Ein Zugausfall ist einerseits eine Standardsituation und dennoch eine Herausforderung für die Disponentinnen und Disponenten. Es wird immer versucht, die Auswirkungen für die Reisenden möglichst gering zu halten. Wie gut das gelingt, hängt davon ab, ob ein passendes Ersatzfahrzeug und geeignetes und befähigtes Fahrpersonal39 zur Verfügung stehen. Die Mitarbeiterinnen und Mitarbeiter des Eisenbahn-Verkehrs-Unternehmens können hier nicht alleine agieren, denn ein Ersatzzug braucht einen neuen Fahrplan und ggf. eine neue Zugnummer. Er muss bereitgestellt und kommuniziert werden. Das geschieht in Zusammenarbeit mit dem Eisenbahn-Infrastruktur-Unternehmen, also zumeist DB Netz AG und DB Station & Service AG.

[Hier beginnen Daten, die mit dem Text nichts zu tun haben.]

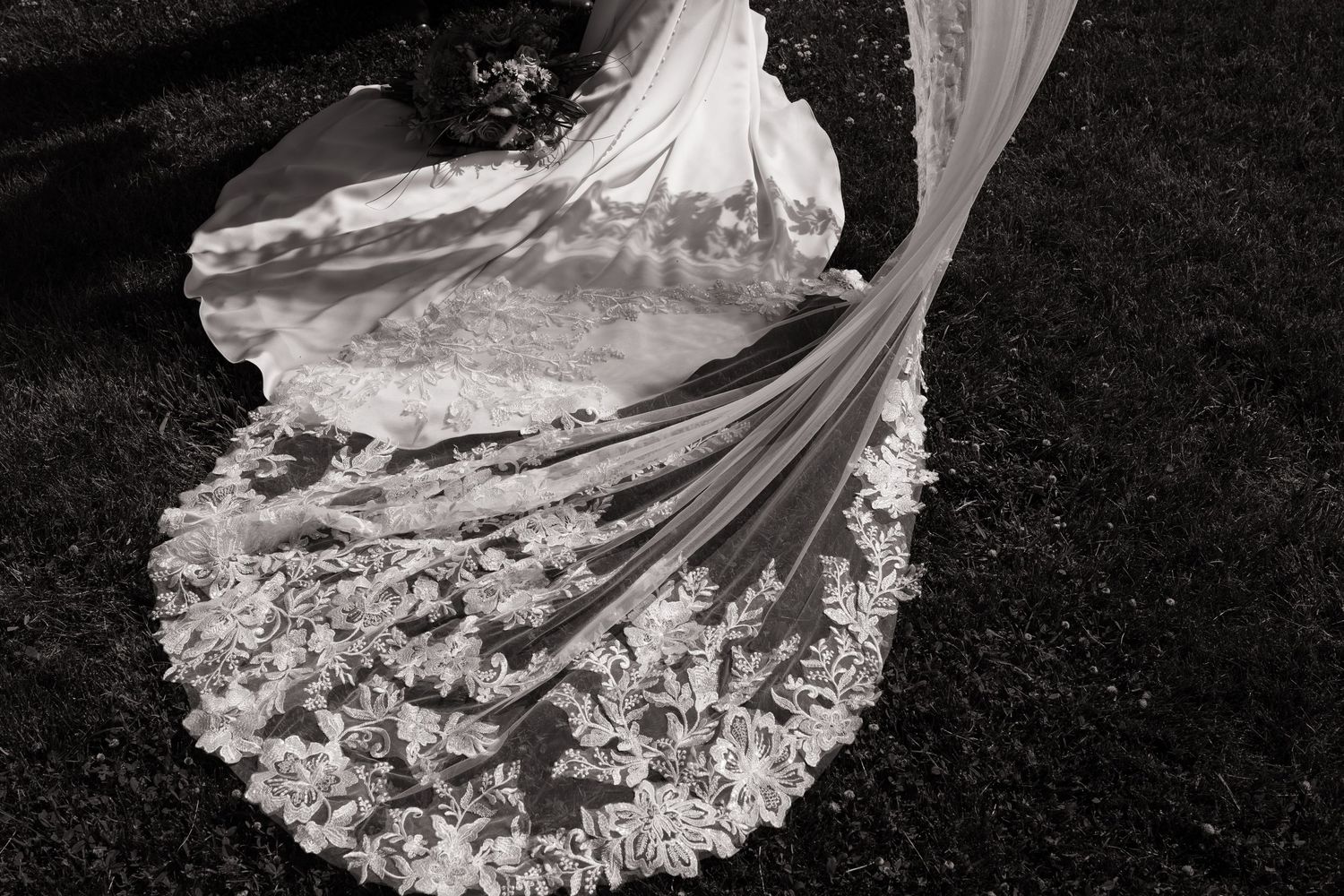 An elegant bridal gown with intricate lace trim and flowing train photographed in black and white on grass.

2.2.3 Reserven aufbauen und nutzen
Den großen Eisenbahn-Verkehrs-Unternehmen stehen, um solche Situationen zu beherrschen, an zentralen Einsatzstellen oder großen Bahnhöfen sehr beschränkte Reserven zur Verfügung, um tatsächlich Ersatzzüge verkehren zu lassen. Eine weitere oder alternative Möglichkeit besteht darin, einen Zug aus der Werkstatt zu holen, bei dem ggf. die Reinigung noch nicht durchgeführt oder bestimmte Qualitätsmängel noch nicht behoben wurden.
Die Ersatzzug-Lösung ist in der Regel die beste, allerdings, wie Sie wissen, auch nicht die wahrscheinlichste. Denn, wie bereits in Band 1 ausführlich beschrieben, sind Fahrzeug- oder Personalreserven im Gegensatz zur Bundesbahnzeit nun in Zeiten des Wettbewerbs und der knappen Kalkulationen kaum noch vorgesehen. Spielräume bestehen am ehesten noch an Wochenenden, Feiertagen oder in Tagesrandlagen.
2.2.4 Ursache für den Zugausfall beheben
Das Eisenbahn-Infrastruktur-Unternehmen und/oder das Eisenbahn-Verkehrs-Unternehmen kümmert sich umgehend darum, die Ursache des Zugausfalls zu beheben. Ziel ist es, dass möglichst geringe betriebliche Folgewirkungen entstehen und somit möglichst wenig Fahrgäste betroffen sind. Oft sind technische, Wetter- oder menschliche Einflüsse die Ursache für Zugausfälle (vgl. auch Kapitel 13). Anlassbezogen sind dann Notfallmanagement, Techniker, Reparaturteams, Disponenten und Bundespolizei in Einsatz.
2.2.5 Analysieren und Maßnahmenpläne erarbeiten
Ähnlich wie beim Thema Verspätungen trägt jedes Eisenbahn-Verkehrs-Unternehmen dafür Sorge, dass es die vorgesehenen Fahrten vollständig durchführt, denn damit verdient es sein Geld. Deswegen wird jeder Vorfall genau analysiert, wie es zu einem Zugausfall kommen konnte. Daraus werden Maßnahmen abgeleitet, um die Erfüllungsquote möglichst hochzuhalten.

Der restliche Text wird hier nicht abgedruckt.